___ Extracted records ___
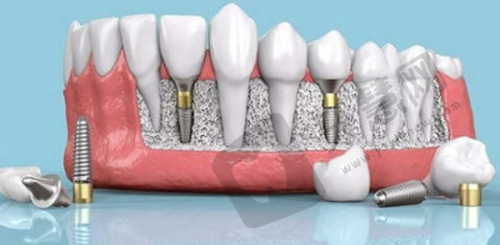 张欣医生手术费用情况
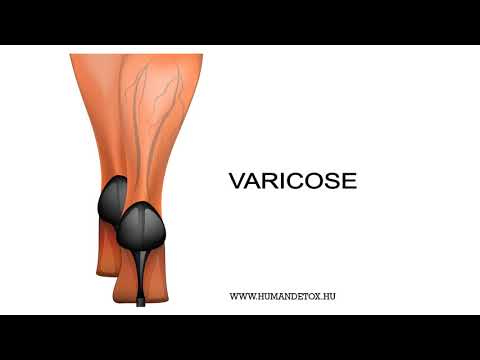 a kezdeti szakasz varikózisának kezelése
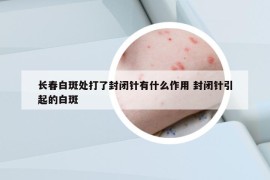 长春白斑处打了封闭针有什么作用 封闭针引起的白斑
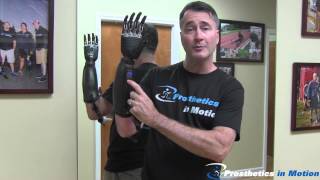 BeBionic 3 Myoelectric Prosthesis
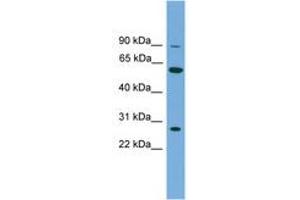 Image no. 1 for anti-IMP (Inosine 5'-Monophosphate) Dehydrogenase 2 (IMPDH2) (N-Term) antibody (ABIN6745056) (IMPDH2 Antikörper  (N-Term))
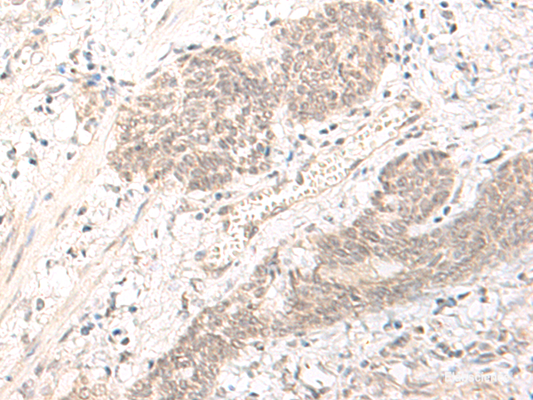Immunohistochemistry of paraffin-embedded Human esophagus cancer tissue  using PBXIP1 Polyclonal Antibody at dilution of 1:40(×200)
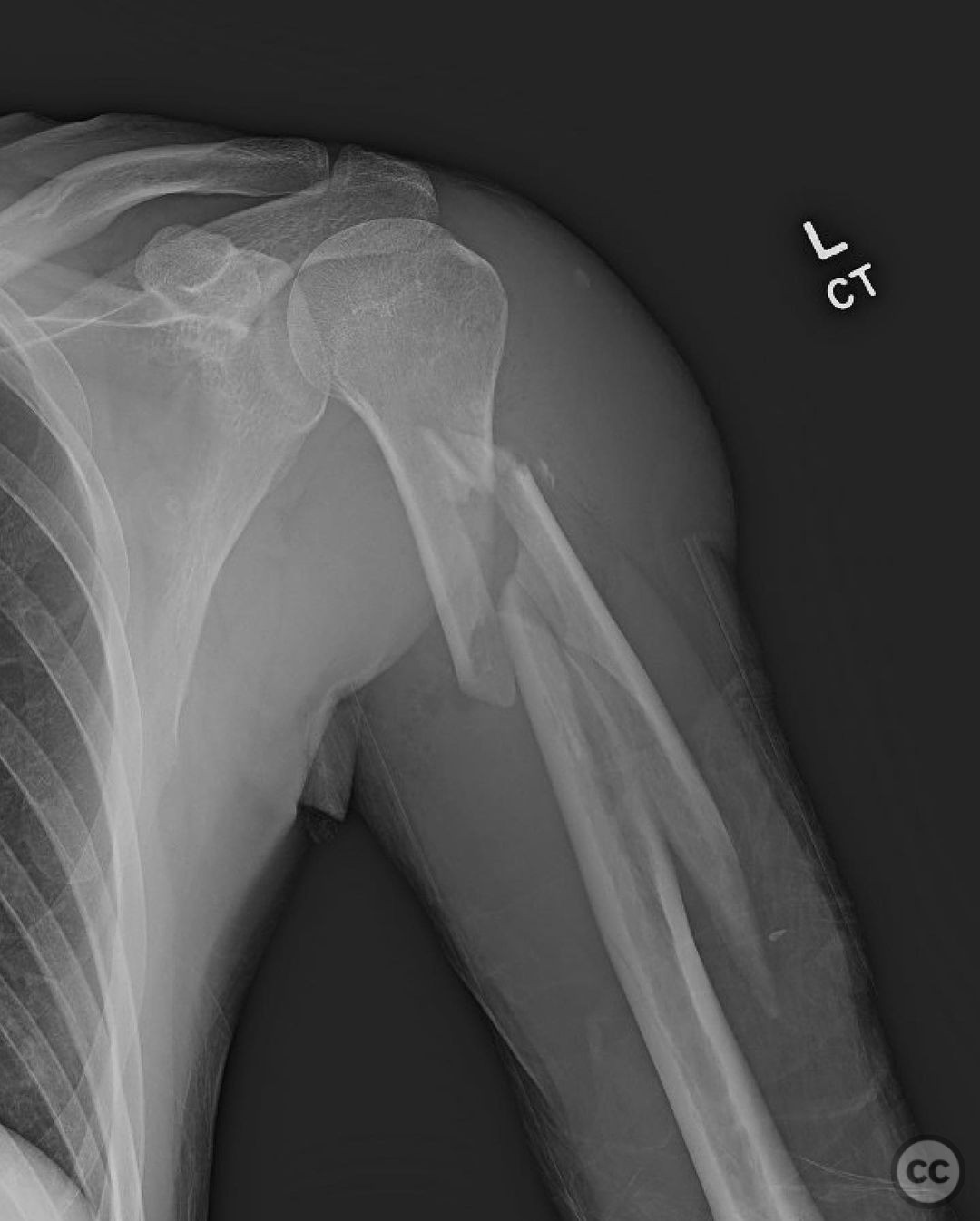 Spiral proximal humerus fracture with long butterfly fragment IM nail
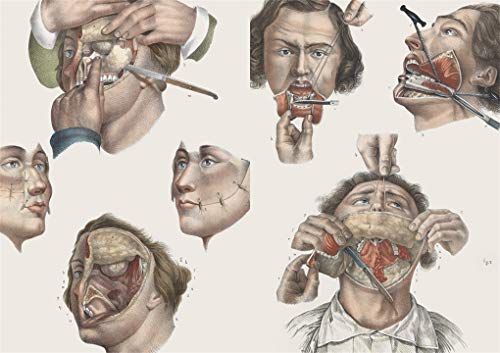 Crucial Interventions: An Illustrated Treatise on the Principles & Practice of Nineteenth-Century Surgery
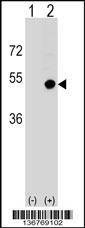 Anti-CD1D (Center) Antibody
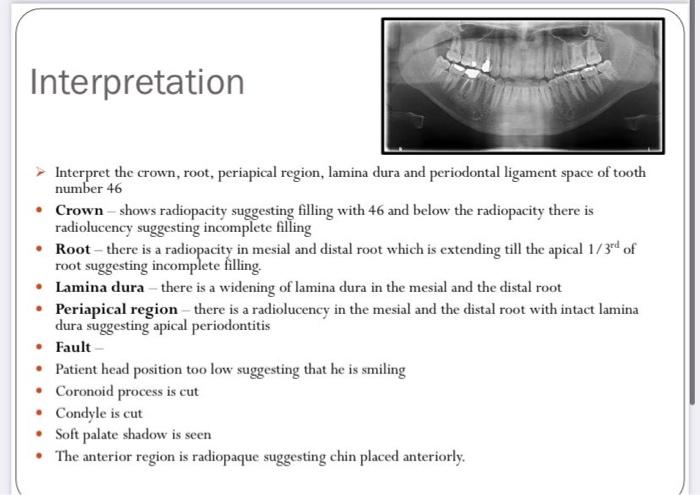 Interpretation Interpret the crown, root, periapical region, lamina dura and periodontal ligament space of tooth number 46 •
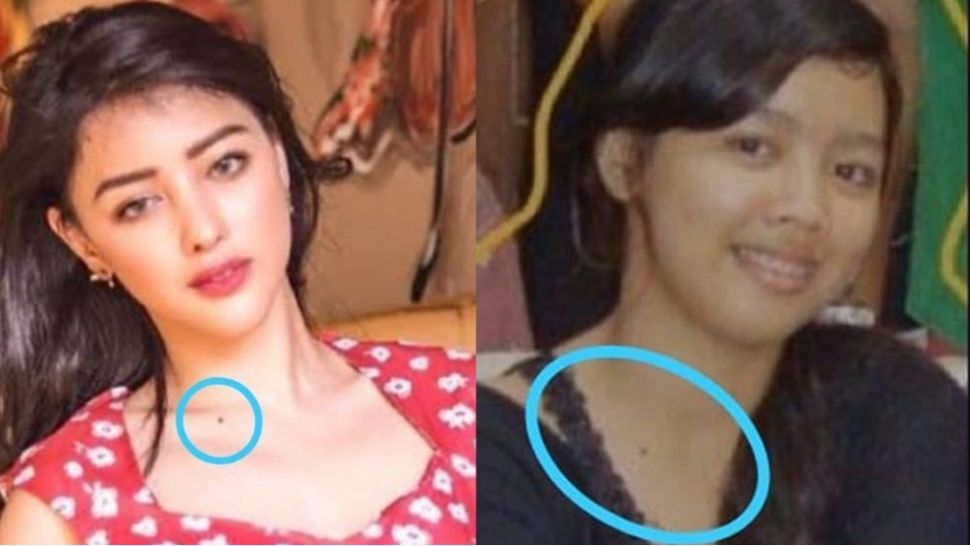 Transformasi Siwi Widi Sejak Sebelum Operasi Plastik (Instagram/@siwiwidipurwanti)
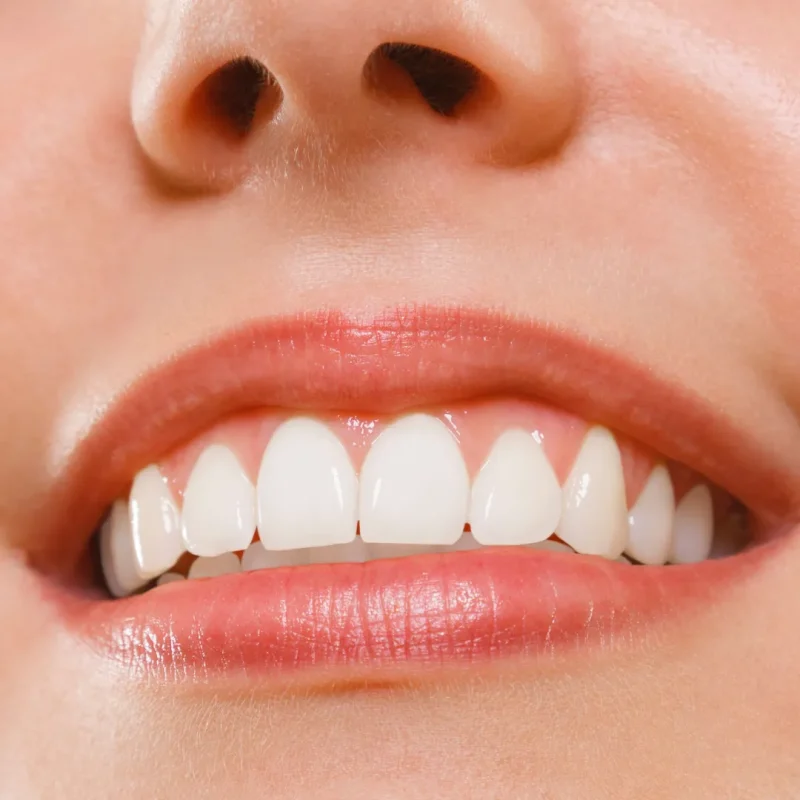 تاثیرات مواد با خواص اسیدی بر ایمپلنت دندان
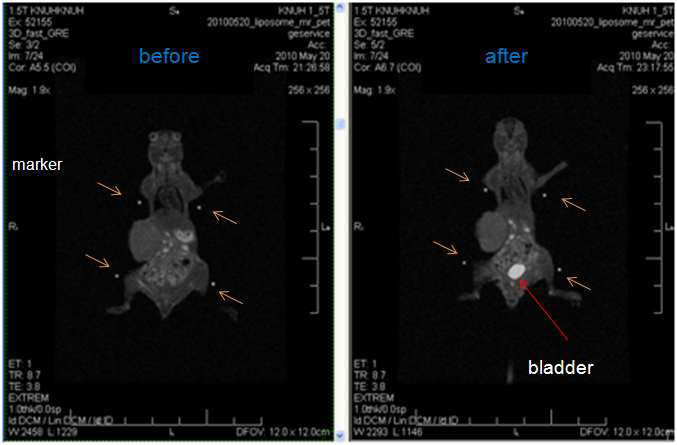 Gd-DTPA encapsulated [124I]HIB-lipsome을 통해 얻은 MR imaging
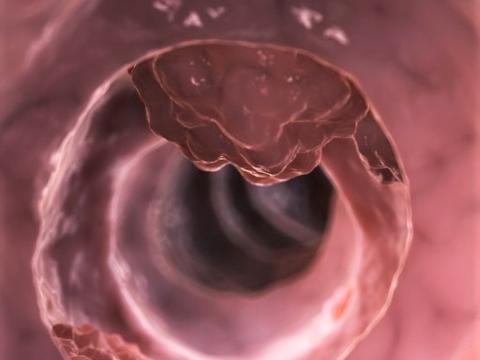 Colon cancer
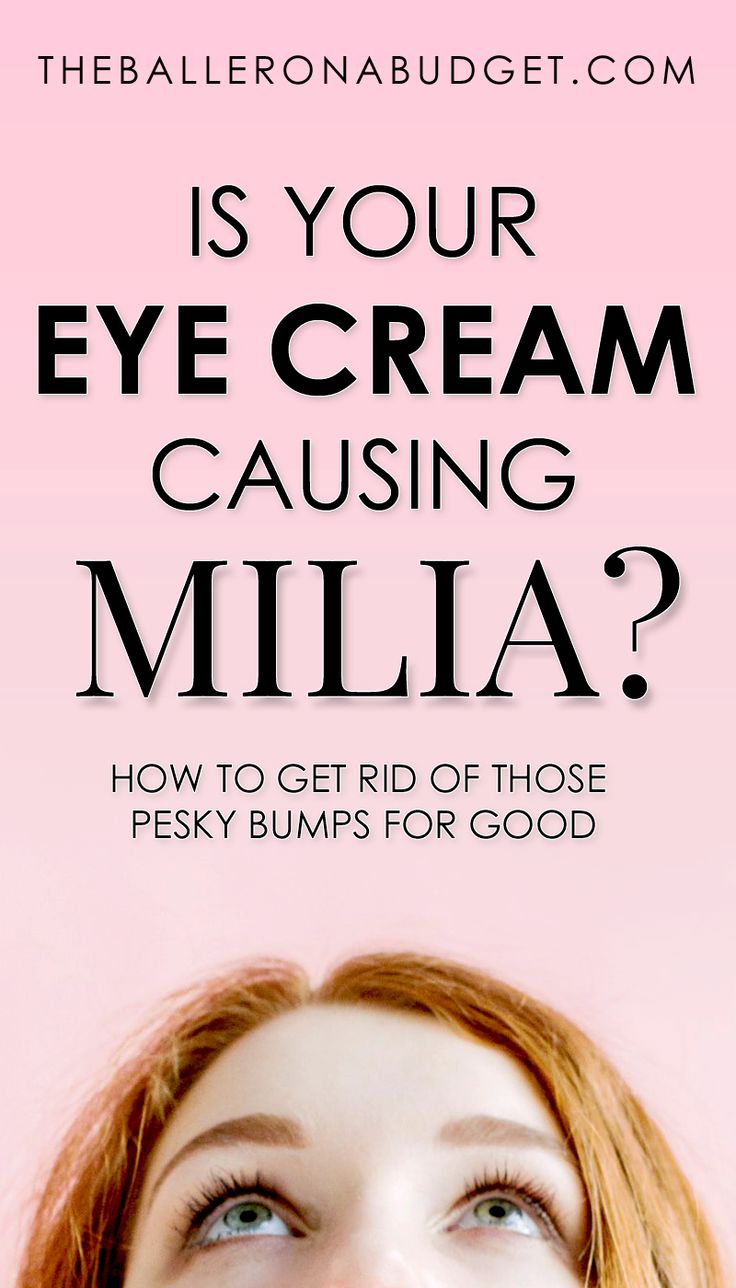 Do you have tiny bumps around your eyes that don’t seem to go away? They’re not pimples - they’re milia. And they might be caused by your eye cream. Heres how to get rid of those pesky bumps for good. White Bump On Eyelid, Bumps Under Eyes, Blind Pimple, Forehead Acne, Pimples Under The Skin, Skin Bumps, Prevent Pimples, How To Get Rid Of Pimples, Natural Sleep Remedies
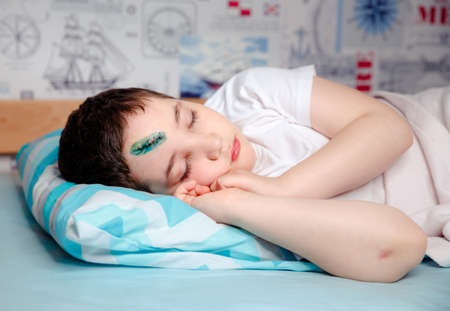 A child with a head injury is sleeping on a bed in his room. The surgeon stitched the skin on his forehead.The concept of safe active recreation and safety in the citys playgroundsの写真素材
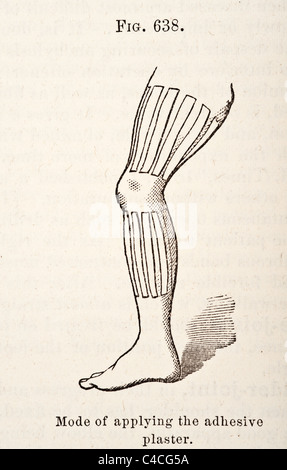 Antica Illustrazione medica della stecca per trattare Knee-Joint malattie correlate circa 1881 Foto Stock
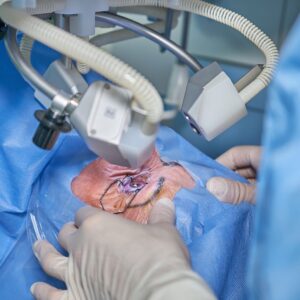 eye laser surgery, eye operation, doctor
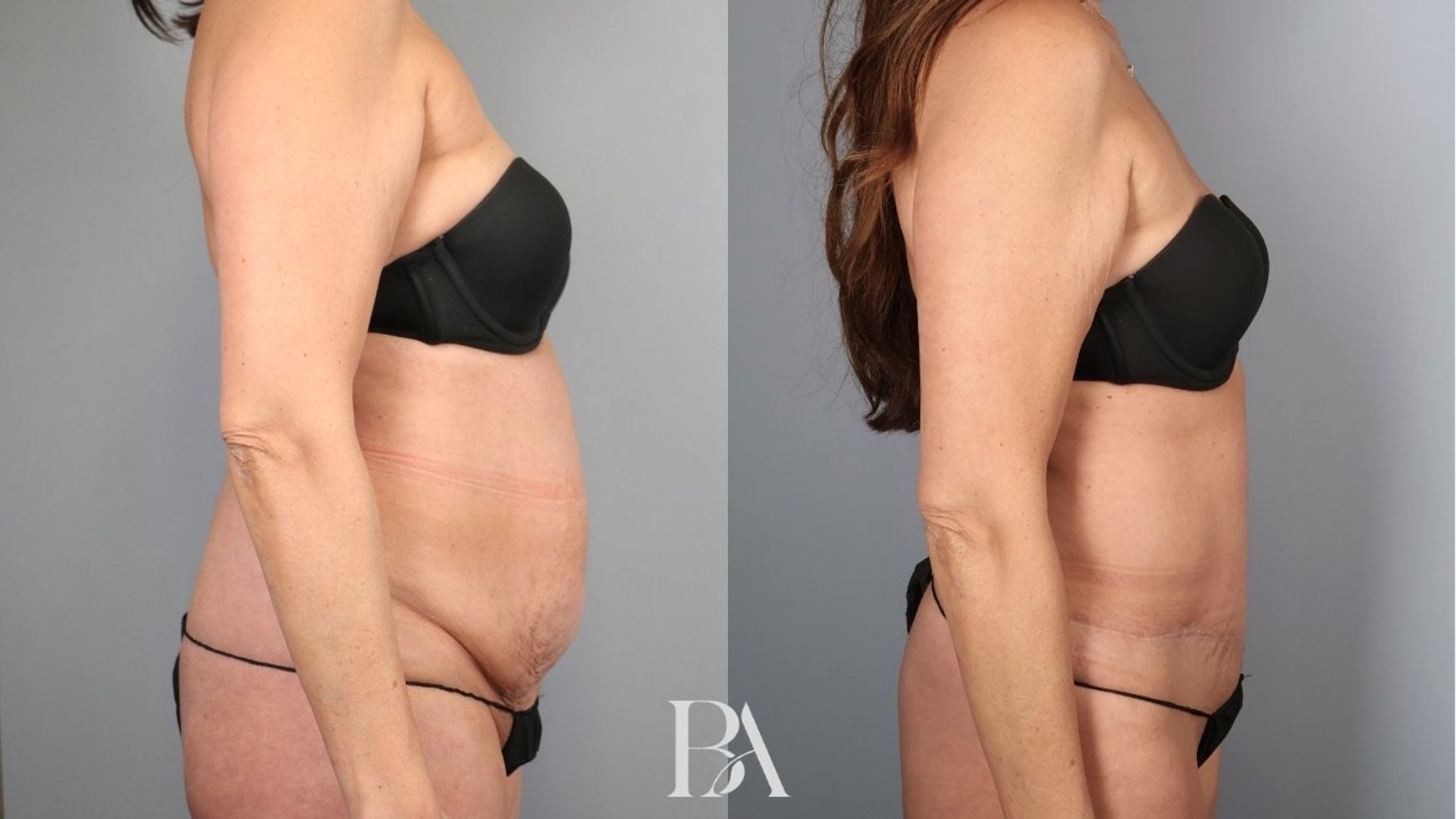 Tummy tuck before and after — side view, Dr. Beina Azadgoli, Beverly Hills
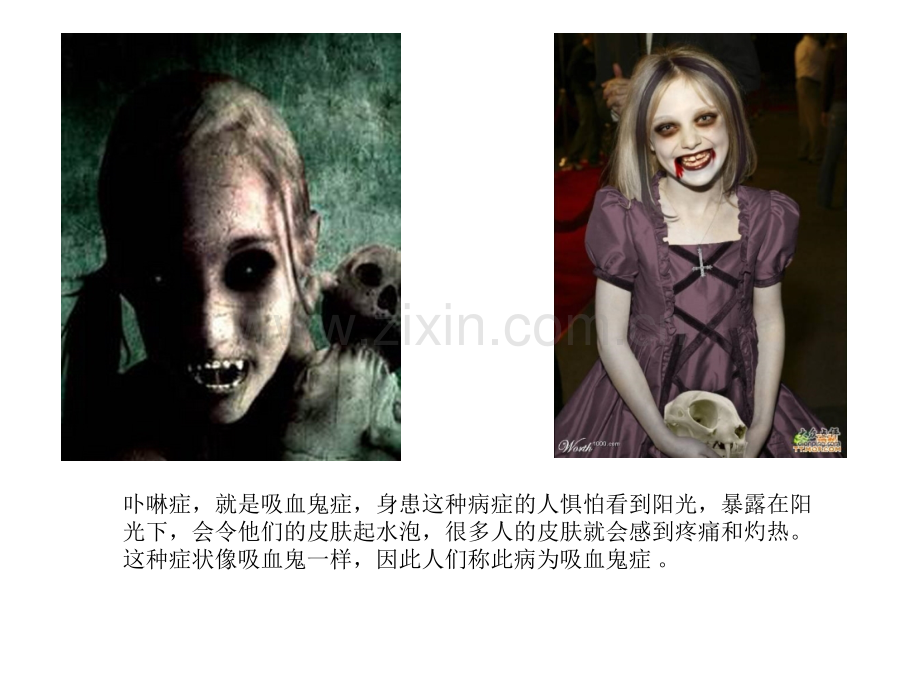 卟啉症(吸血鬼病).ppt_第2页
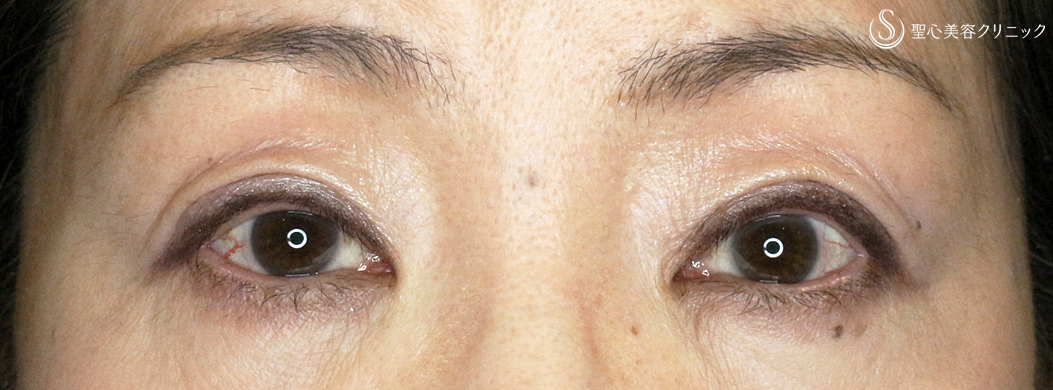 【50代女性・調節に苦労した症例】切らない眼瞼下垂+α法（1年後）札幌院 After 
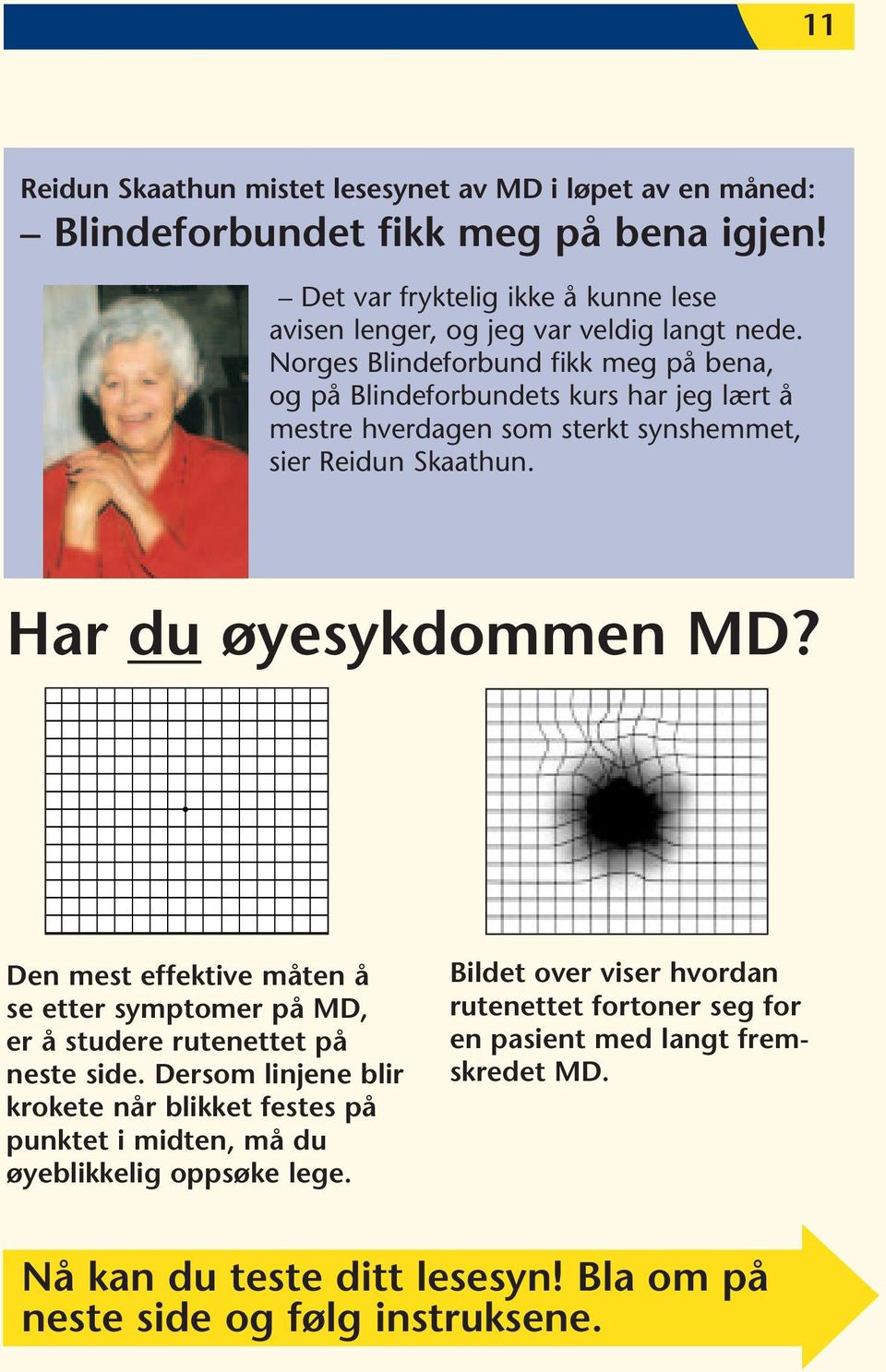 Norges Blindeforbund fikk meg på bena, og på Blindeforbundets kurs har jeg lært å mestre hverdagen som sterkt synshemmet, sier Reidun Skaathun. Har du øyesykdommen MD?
___
Exercise:
Print nothing but the lines above starting with the line that contains "a kezdeti szakasz varikózisának kezelése" and going on through the line that contains "Immunohistochemistry of paraffin-embedded". Leave out the pictures.

Result:
 a kezdeti szakasz varikózisának kezelése
 长春白斑处打了封闭针有什么作用 封闭针引起的白斑
 BeBionic 3 Myoelectric Prosthesis
 Image no. 1 for anti-IMP (Inosine 5'-Monophosphate) Dehydrogenase 2 (IMPDH2) (N-Term) antibody (ABIN6745056) (IMPDH2 Antikörper  (N-Term))
Immunohistochemistry of paraffin-embedded Human esophagus cancer tissue  using PBXIP1 Polyclonal Antibody at dilution of 1:40(×200)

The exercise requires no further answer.